Data and pretrained weights

The notebook automatically downloads:

  • IXI test data zip (if missing), then extracts to ./IXI_data/

  • Pretrained model checkpoints to ./pretrain_wts/

Expected files:

  • ./IXI_data/Test/*.pkl

  • ./IXI_data/atlas.pkl

  • ./pretrain_wts/*.pth.tar

Outputs

Per-model CSVs are written to ./results:

  • ./results/TransMorph.csv

  • ./results/TransMorphTVF.csv

  • ./results/VFA.csv

  • ./results/VFA-SPR.csv

  • ./results/SITReg.csv

  • ./results/SITReg-SPR.csv

  • ./results/ConvexAdam-MIND.csv

Each CSV includes organ-wise Dice plus:

  • ndv: non-diffeomorphic volume percentage

  • ndp: non-diffeomorphic points percentage

The final analysis cell aggregates Dice, prints summary statistics, and creates comparative boxplots.

Reproducibility checklist

  • Keep image size fixed at (160, 192, 224).

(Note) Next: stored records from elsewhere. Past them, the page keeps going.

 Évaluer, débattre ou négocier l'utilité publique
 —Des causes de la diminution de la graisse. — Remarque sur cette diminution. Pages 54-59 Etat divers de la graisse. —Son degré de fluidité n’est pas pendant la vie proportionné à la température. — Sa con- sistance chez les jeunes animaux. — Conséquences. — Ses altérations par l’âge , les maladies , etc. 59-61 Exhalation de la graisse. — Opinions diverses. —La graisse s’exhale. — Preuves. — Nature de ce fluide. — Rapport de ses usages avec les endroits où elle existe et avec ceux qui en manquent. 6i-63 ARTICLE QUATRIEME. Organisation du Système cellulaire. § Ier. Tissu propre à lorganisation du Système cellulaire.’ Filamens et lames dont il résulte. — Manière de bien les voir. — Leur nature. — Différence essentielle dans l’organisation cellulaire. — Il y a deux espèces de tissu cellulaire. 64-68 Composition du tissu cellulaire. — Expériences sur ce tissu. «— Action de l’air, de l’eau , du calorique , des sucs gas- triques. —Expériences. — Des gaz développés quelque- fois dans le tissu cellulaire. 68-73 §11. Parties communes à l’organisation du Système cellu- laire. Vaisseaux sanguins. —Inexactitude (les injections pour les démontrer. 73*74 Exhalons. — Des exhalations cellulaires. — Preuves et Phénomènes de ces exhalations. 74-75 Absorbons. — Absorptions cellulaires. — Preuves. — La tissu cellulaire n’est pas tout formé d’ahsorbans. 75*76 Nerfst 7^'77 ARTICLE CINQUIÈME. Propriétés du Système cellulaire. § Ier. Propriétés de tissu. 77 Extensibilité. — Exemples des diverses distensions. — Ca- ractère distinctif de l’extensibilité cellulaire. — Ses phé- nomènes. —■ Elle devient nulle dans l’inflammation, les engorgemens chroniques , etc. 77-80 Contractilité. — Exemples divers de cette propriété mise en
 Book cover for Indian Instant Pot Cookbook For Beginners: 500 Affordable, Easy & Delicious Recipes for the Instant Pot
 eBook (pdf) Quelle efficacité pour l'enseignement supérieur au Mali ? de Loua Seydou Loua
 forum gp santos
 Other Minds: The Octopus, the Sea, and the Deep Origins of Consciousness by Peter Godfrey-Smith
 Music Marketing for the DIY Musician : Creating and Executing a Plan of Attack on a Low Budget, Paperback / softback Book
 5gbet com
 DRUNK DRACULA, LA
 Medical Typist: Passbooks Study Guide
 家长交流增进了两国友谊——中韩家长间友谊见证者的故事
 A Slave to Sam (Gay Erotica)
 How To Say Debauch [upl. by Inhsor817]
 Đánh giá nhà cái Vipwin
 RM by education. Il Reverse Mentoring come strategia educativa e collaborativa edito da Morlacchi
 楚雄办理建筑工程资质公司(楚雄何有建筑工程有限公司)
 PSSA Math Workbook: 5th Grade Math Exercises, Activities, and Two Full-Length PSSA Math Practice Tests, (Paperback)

  • Keep batch_size=1 for stable memory usage.

  • Use the same pretrained checkpoint files across all models.

  • For strict reproducibility, set random seeds and deterministic PyTorch options before model creation.

Troubleshooting

  • If data download fails, verify Google Drive access and rerun the download cell.

  • If package import fails, install missing dependencies in the active Python environment.

  • If CUDA memory is insufficient, run one model at a time and free other GPU processes.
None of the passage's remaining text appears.